Эссад Бей на рубеже 1920—1930-х гг. был звездой немецкой прессы и издательств. Под этим псевдонимом вышло с десяток популярных книг: биографии Ленина, Сталина, Николая II, аналитические эссе о Кавказе и его главном богатстве — нефти. Многое связывало Эссад Бея и с Чехией: он печатался в местных изданиях, его жена Эрика Левендаль (брак оказался неудачным) позиционировала себя как «чешская поэтесса» (отец Эрики, немецкий еврей, был консулом Чехословакии в Берлине и совладельцем обувной фабрики Bat’a). Свою литературную карьеру Лев начал в берлинском журнале Die literarische Welt, основанном Вилли Хаасом, уроженцем Праги. В чешской столице у Эссад Бея был свой литературный агент, Вернер Шендель.

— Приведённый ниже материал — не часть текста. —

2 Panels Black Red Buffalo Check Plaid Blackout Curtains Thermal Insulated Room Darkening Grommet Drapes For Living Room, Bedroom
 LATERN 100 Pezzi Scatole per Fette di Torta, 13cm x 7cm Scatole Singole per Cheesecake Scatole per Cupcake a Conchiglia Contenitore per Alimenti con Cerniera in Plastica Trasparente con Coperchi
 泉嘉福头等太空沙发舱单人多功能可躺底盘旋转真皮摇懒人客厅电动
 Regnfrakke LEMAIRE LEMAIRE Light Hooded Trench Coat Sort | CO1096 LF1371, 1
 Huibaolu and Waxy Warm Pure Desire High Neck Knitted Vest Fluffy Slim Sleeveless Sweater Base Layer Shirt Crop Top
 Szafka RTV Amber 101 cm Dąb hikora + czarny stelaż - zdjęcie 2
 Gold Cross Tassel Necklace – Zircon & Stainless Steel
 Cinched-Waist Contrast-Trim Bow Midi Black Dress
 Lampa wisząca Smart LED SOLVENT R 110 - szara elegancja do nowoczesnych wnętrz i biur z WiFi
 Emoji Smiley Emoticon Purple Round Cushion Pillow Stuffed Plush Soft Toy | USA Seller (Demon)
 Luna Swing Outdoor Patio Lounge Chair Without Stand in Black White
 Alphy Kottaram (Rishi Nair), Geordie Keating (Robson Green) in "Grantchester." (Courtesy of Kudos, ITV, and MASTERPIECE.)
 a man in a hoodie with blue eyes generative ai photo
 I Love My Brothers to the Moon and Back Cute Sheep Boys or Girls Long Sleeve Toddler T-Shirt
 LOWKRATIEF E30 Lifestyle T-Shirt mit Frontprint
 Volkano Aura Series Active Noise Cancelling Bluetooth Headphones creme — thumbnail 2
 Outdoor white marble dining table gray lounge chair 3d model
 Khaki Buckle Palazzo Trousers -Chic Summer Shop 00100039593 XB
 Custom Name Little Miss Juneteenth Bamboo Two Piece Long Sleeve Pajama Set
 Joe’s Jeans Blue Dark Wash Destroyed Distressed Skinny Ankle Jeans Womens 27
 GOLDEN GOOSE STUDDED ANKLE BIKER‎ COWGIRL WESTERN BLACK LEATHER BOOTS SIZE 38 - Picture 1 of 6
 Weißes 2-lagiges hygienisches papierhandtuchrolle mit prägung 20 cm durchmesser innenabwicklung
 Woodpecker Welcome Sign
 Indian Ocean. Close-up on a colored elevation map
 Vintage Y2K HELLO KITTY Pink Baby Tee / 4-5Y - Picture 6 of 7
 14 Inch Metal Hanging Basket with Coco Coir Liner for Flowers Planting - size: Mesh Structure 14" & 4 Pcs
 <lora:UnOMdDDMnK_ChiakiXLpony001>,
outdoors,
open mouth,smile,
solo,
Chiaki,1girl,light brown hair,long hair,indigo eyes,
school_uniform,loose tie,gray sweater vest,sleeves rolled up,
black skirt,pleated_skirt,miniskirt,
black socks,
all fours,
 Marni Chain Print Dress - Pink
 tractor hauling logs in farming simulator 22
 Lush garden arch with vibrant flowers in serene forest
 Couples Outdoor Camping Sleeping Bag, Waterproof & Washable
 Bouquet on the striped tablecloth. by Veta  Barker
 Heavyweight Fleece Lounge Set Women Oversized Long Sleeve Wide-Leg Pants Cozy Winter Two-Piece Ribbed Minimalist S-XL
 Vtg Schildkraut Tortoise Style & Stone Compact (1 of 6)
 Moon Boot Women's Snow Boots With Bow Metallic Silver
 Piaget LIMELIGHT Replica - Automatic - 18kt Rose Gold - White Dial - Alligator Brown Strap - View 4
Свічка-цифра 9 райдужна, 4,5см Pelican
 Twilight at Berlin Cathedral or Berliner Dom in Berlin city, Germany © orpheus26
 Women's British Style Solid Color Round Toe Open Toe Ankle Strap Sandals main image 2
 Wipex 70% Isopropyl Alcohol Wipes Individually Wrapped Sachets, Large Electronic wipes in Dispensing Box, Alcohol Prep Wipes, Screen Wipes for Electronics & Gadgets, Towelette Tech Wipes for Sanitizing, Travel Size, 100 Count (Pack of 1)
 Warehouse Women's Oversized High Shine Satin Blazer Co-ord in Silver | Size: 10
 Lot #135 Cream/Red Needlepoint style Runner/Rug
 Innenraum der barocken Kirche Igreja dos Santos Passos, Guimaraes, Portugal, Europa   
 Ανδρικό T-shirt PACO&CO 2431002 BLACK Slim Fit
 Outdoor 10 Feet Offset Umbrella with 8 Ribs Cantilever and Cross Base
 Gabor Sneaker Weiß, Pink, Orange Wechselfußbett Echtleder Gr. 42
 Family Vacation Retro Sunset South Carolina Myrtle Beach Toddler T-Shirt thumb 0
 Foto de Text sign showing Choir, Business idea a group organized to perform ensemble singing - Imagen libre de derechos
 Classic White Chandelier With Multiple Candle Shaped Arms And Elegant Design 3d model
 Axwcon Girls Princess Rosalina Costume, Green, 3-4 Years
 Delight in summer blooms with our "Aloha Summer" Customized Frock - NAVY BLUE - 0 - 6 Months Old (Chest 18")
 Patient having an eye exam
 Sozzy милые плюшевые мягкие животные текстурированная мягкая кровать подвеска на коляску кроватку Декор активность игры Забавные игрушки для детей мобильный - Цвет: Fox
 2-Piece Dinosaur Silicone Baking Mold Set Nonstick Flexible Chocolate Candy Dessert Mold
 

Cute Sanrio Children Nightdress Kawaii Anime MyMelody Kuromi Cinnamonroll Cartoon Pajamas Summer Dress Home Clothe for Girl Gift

В 1932 году 27-летний писатель опубликовал в Берлине книгу «Белая Россия». По сути, он первым попытался дать комплексную панораму русского зарубежья, с блеском сочетая ностальгию, эпос и иронию. В том же году, продвигая новую публикацию, он побывал в Праге, где читал (по-немецки) лекцию в клубе «Урания» — она называлась «Дух и душа современной России».
Предлагаем читателям главы из этой книги, переведенные нами преимущественно по ее итальянскому изданию при тщательной сверке с немецким оригиналом.
Эссад Бей
Белая Россия
Перевод и подготовка публикации Михаила Талалая
Бегство из сумасшедшего дома
В период с 1917 по 1920 гг. три миллиона русских покинули свою отчизну. Часто спрашивают: что именно подвигло такую людскую массу на исход? Изменившийся строй жизни, тяжкие экономические условия не могут быть единственной причиной. Ведь эмигранты — это не только офицеры, коммерсанты, промышленники и помещики: среди них были студенты, скромные ремесленники, революционеры всех небольшевистких мастей и даже радикалы-анархисты. Можно во многом упрекать революционеров-эмигрантов, но подозревать их в бегстве от материальных тягот невозможно.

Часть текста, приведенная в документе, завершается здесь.